» **Problem**:
Beginning with the line where "Печь в сборе HP CLJ 5550" appears, restate each line word for word until the data ends. Pictures do not go in.

─── Records for this exercise

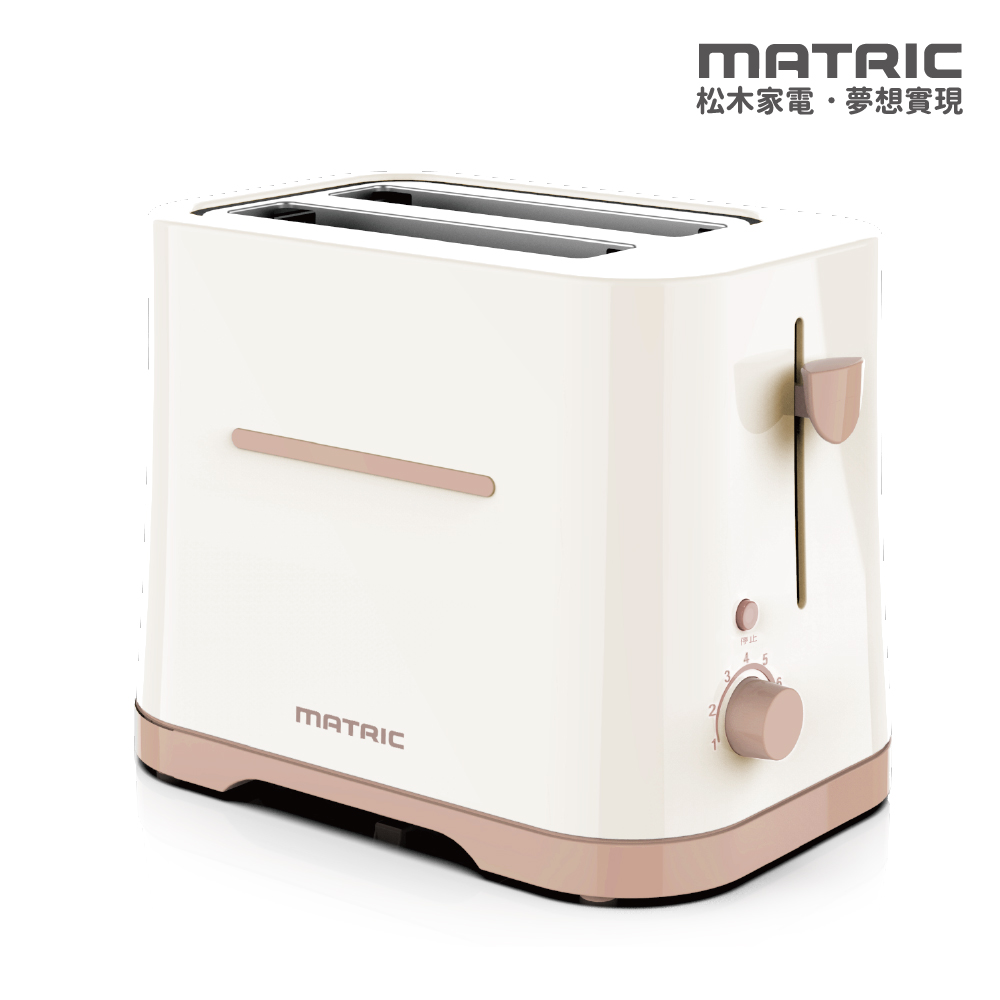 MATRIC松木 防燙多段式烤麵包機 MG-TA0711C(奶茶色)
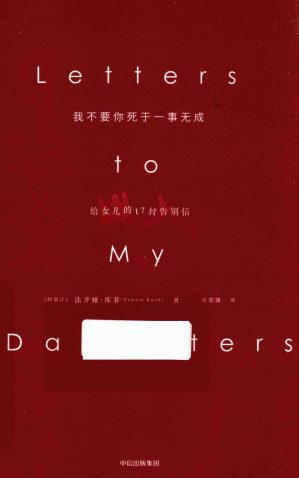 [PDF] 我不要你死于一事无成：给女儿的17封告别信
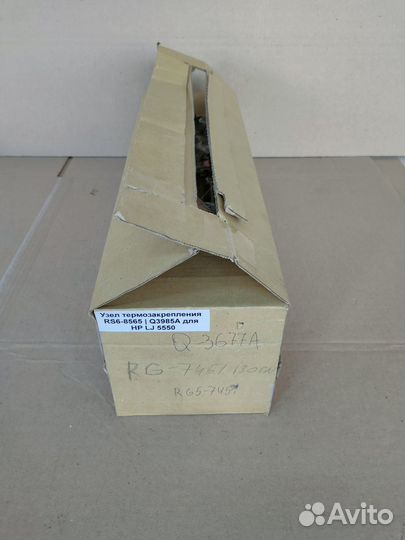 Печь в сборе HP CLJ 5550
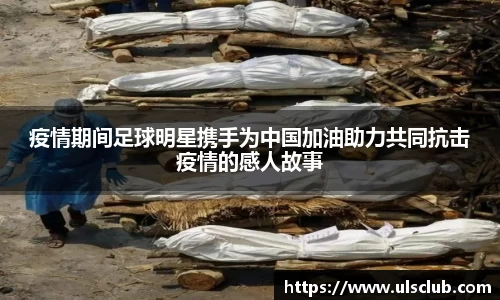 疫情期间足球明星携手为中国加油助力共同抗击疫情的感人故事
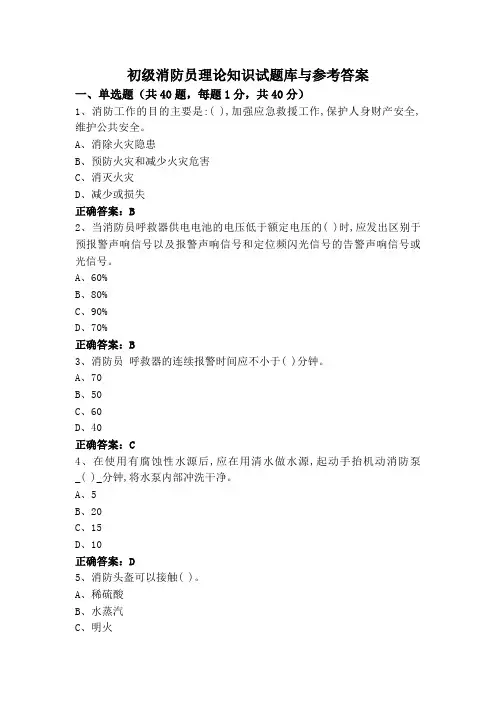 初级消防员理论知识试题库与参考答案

──────

» **Written reply**:
 Печь в сборе HP CLJ 5550
 疫情期间足球明星携手为中国加油助力共同抗击疫情的感人故事
 初级消防员理论知识试题库与参考答案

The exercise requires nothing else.